Khichdi is the top-rated comfort food across India and is slowly being recognized worldwide. It is an appropriate healthy meal for babies just starting to consume solid food, kids as well as adults. Classic khichdi or khichari is a blend of lentils, mostly yellow moong dal and rice. Both are simmered together on a stovetop or a pressure cooker with basic Indian spices like turmeric and salt. After cooking add a dollop of ghee and enjoy it or eat it with achaar or kadhi.
Every house has its own style of making khichdi. Today I am sharing an easy healthy recipe made with brown lentils also known as whole masoor dal and daliya (cracked wheat). Today’s recipe is made without rice. If you are bored of eating regular khichdi, do try this daliya masoor dal khichdi.
The Ingredient list.
Daliya
Daliya is also known as cracked wheat, broken wheat, or faada. It is a whole grain and a healthier option for a nutrient-dense diet . It is made by cleaning, parboiling, drying, and then cracking the wheat berries.
Daliya cooks quickly in a pressure cooker as well as on a stovetop.
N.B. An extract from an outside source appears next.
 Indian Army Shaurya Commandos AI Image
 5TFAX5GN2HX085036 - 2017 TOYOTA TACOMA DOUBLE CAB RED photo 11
It is a very versatile and affordable grain so you should definitely include it in your diet.
Benefits to eat Daliya.
- Low in fat – Daliya is low in fat, making it a great choice for those looking to maintain a healthy weight or who want to lose weight.
- Rich in fiber – Daliya is high in fiber, which helps to promote healthy digestion and prevent constipation.
- Nutrient-dense – Daliya is a good source of vitamins and minerals such as B vitamins, iron, and zinc.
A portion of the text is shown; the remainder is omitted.